A variation matrix of the learners speech production was generated from manual transcriptions of their speech corpus, and noticeable variations produced by the learners were determined based on the variation matrix. The variation matrix of the native speech was generated from the TIMIT corpus that exhibited various dialectal variations. The most noticeable variations in the learners speech were determined by introducing a method of comparing the variation matrices of both learners and native speakers. The most noticeable variations of the learners included five vocalic (insertion of /ɯ/, substitution of /oʊ/ for /ɔ/, substitution of /oʊ/ for /ɑ/, substitution of /ɑ/ for /ʌ/, and substitution of /æ/ for /ʌ/) and four consonantal (substitution of /s/ for /z/, substitution of /d/ for /ð/, substitution of /b/ for /v/, and substitution of /p/ for /f/) variations. The results demonstrated that the learners exhibited segment variations that differed from those of native speakers. The learners were greatly affected by orthography for vowels, while effects of the native language were observed in the consonantal variations of the learners.
To investigate the linguistic and extra-linguistic factors constraining the segment variations of the learners, the effects of the factors on the most noticeable variations in only the learners speech were analyzed using generalized linear mixed models.
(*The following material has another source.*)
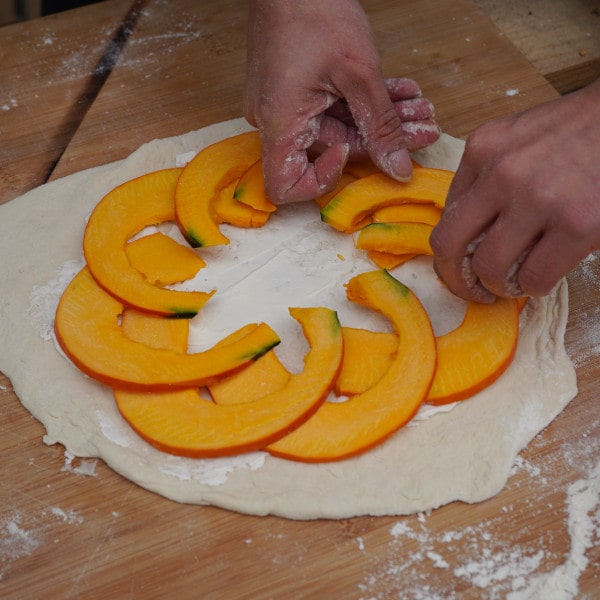 Kürbis Flammkuchen zubereiten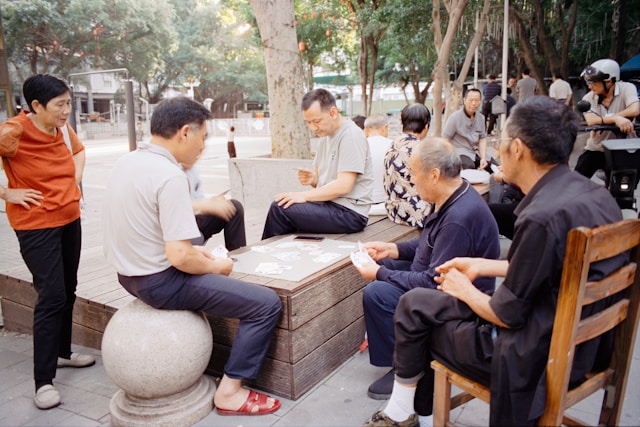地域の清掃活動や交流会で微笑むシニア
The results indicated that the most noticeable variations produced by the learners were affected by the linguistic and extra-linguistic factors. The segmental contexts greatly affected the most noticeable variations of the learners, and the effect of orthography was found in their most noticeable vocalic variations. For the extra-linguistic factors, both learner gender and speech rate affected the most noticeable variations of the learners.
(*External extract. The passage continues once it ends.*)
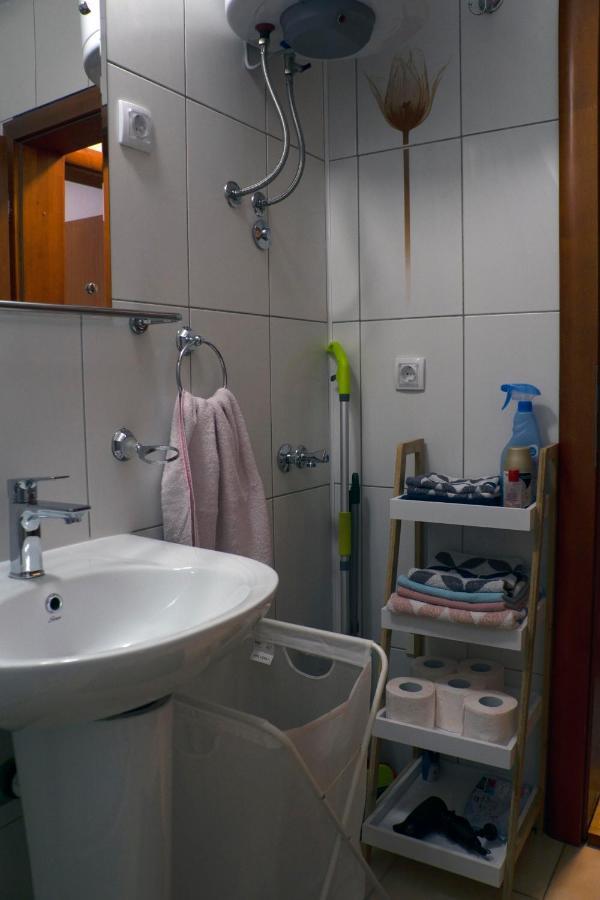 Boulevard Studio Apartment Novi Sad Eksteriør billede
This dissertation describes the first quantitative study of English segment variations produced by Korean learners using a large-scale speech corpus. In addition, the study contributes to investigating the general effects of the linguistic and extra-linguistic factors on the variations of learners. The results of this study can be used in both context-independent and context-dependent modeling of segment variations to improve the performance of non-native speech recognition systems.